Никто не усомнится в том, что такая картина может быть правдивой, внутренне согласованной и обладать особенно большими достоинствами технического мастерства.
Основы гармонии. — «Я отнюдь не намерен ниспровергать закон радуги в искусстве. Радуга в искусстве то же, что генерал-бас в музыке».
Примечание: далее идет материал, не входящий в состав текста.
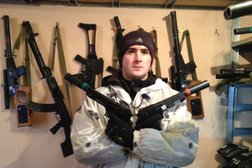 Клуб пейнтбола и лазертага Пиранья, с рейтингом 4.9 - находится по адресу Магнитогорск, Лесопарковая улица, 1 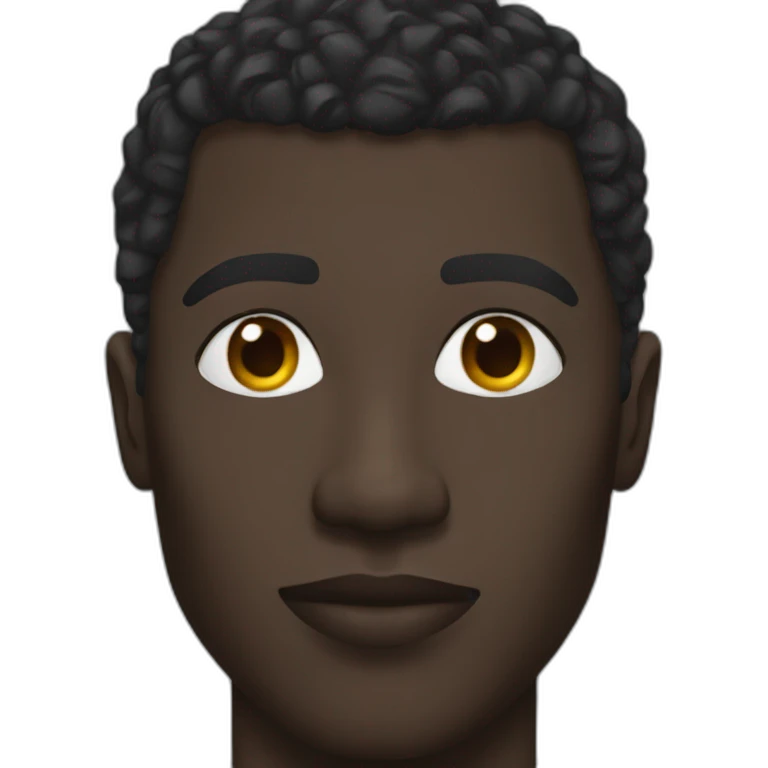 Assane diop emoji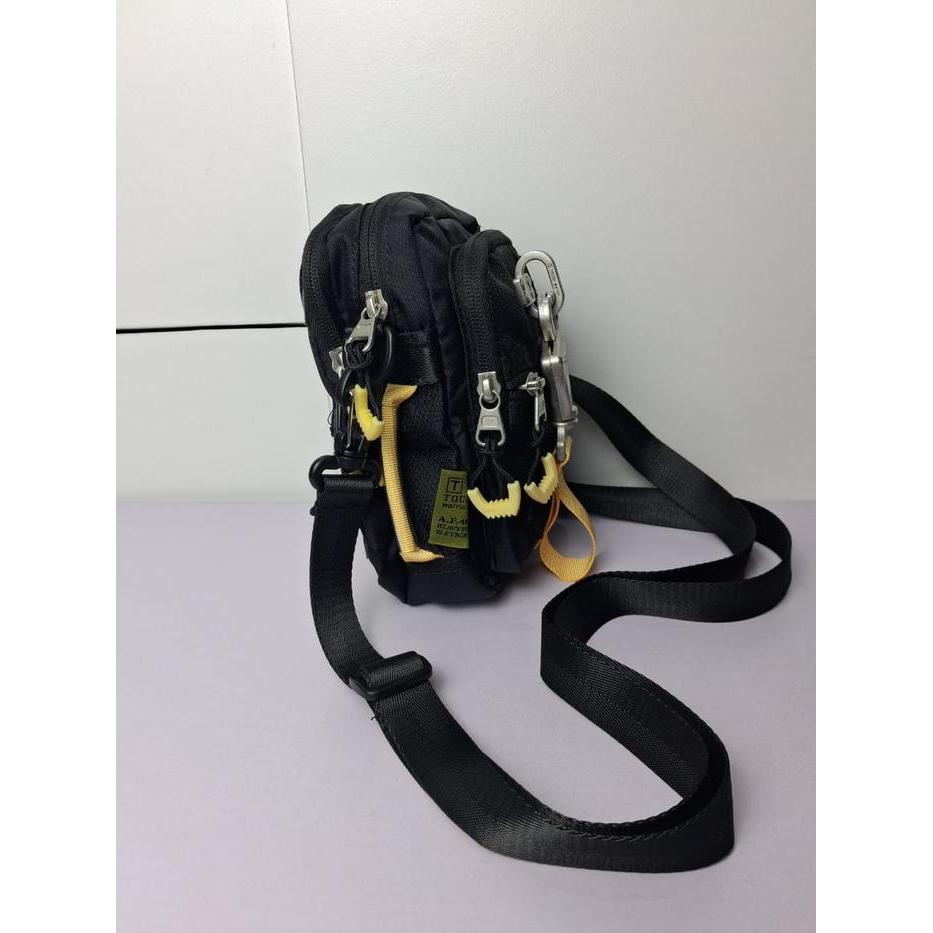 Tas Selempang Minimalis Tas Selempang Tough 6261 / Sling Bag Tough / Tas Pinggang Tough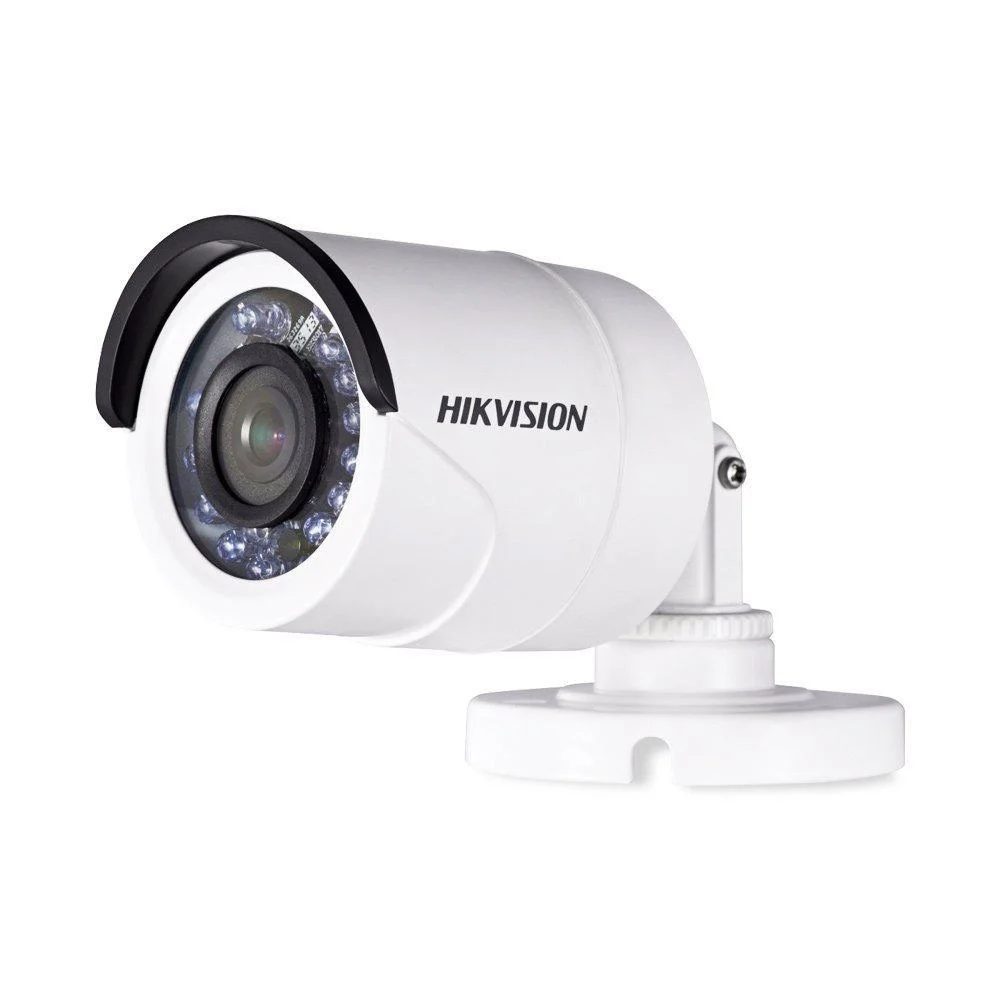 Camera Bullet Turbo 720p Ds-2ce16c0t-irpf Hikvision 20m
Наконец-то Дидро упоминает об основе гармонии; он хочет обрести ее в радуге и успокаивается на этом, что бы ни высказывала по тому же вопросу французская живописная школа. В то время как физик обосновал всю теорию цвета явлениями призматического преломления и, следовательно, в известной мере радугой, эти явления стали и в живописи принимать за основу тех законов гармонии, которые необходимо соблюдать, налагая краски, благо этим явлениям нельзя было отказать в очевидной гармоничности. Тем самым ошибка, допущенная физиком, продолжала оказывать вредные влияния и на живописца. Радуга и призматические преломления суть лишь отдельные частные случаи значительно более обширных, более содержательных и требующих более глубокого обоснования видов цветовой гармонии. Не потому существует гармония, что нам ее показывают радуга и призма, а сами эти явления гармоничны потому, что существует более высокая всеобщая гармония, законам которой и они подвластны.
Радугу ни в коей мере нельзя сравнивать с генерал-басом в музыке; она ведь даже не охватывает всех явлений, наблюдаемых при рефракции света; она столь же мало цветовой генерал-бас, как и один мажорный аккорд не генерал-бас в музыке; но этот аккорд гармоничен потому, что существует музыкальная гармония. Продолжая исследовать, мы обнаружили минорный аккорд, который не входит в мажорный, но вполне включается в общий круг музыкальной гармонии.
До тех пор, пока и в учении о цвете не станет ясно, что все множество явлений нельзя втискивать в пределы одного ограниченного явления и его универсального истолкования, а что, напротив, каждое отдельное явление необходимо включить в единый круг со всеми прочими, — до тех пор будет продолжаться эта неопределенность, это смятение в искусстве. Потому что на практике такая потребность ощущается более живо, чем в теории, когда теоретик лишь безмолвно отодвигает в сторону этот вопрос и считает себя вправе упрямо твердить: «Все это уже выяснено».